AMD Graphics Core Next: Out With VLIW, In With SIMD

The fundamental issue moving forward is that VLIW designs are great for graphics; they are not so great for computing. However AMD has for all intents and purposes bet the company on GPU computing – their Fusion initiative isn’t just about putting a decent GPU right on die with a CPU, but then utilizing the radically different design attributes of a GPU to do the computational work that the CPU struggles at. So a GPU design that is great at graphics and poor at computing work simply isn’t sustainable for AMD’s future.

With AMD Graphics Core Next, VLIW is going away in favor of a non-VLIW SIMD design. In principal the two are similar – run lots of things in parallel – but there’s a world of difference in execution. Whereas VLIW is all about extracting instruction level parallelism (ILP), a non-VLIW SIMD is primarily about thread level parallelism (TLP).

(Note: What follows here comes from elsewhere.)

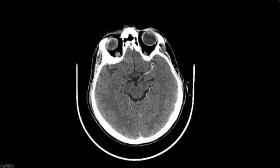So here's an example — an axial section through a non-contrast head CT. You'll notice that this M1 segment and some of the proximal M2 segments of this left middle cerebral artery are very hyperdense. Here is the contralateral right M1 segment that you can just kind of partially see here — you can see it's much less dense.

Without getting unnecessarily deep into the differences between VLIW and non-VLIW (we’ll save that for another time), the difference in the architectures is about what VLIW does poorly for GPU computing purposes, and why a non-VLIW SIMD fixes it. The principal issue is that VLIW is hard to schedule ahead of time and there’s no dynamic scheduling during execution, and as a result the bulk of its weaknesses follow from that. As VLIW5 was a good fit for graphics, it was rather easy to efficiently compile and schedule shaders under those circumstances. With compute this isn’t always the case; there’s simply a wider range of things going on and it’s difficult to figure out what instructions will play nicely with each other. Only a handful of tasks such as brute force hashing thrive under this architecture.

Furthermore as VLIW lives and dies by the compiler, which means not only must the compiler be good, but that every compiler is good. This is an issue when it comes to expanding language support, as even with abstraction through intermediate languages you can still run into issues, including issues with a compiler producing intermediate code that the shader compiler can’t handle well.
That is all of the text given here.